« L’incendie de la mairie, c’est la goutte d’eau en trop, déclare Madi Madi Souf, le président des maires de Mayotte, l’île va mal, les jeunes ne peuvent pas aller en classe parce que des bus se font caillasser, il faut afficher une solidarité entre nous, c’est pour ça que j’ai voulu cette marche ‘Debout Mayotte’. Il faut montrer aux voyous que s’attaquer à la mairie, c’est s’attaquer aux mahorais. Nous demandons à l’Etat d’aller plus loin dans ses efforts de lutte contre l’insécurité ». Eux, ils vont aller plus haut, en demandant un rendez-vous au président de la République et au premier ministre, en profitant du Congrès des maires. « Nous allons rebondir sur cette symbolique qu’est l’attaque de la mairie pour demander des réponses aux violences sur le territoire. »

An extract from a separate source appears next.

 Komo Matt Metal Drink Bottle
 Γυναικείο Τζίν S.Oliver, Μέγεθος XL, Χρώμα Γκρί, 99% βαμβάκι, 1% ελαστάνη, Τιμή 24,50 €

Une petite dizaine de mairies était représentée, celle de Mamoudzou plus fortement, et des conseillers départementaux étaient présents, de Koungou bien sûr, mais aussi Madi Velou, de Dembéni, vice-président chargé du social. Ce dernier encourage les actions de démolition menées par l’Etat : « Mayotte a besoin de logement sociaux. Sur ce terrain de Carobole en partie propriété du conseil départemental, nous allons pouvoir mettre en pratique une délibération votée en 2018 par le conseil départemental sur l’acquisition sociale et très sociale. Nous avons pris des engagements auprès des communes et de la SIM. Je voudrais quand même signaler que nous avons dû fermer nos services sociaux pendant deux jours sur cette commune, nos agents ayant été victimes de violences. On ne peut pas laisser une minorité faire la loi. »
« Il n’y a plus de respect des biens et des personnes »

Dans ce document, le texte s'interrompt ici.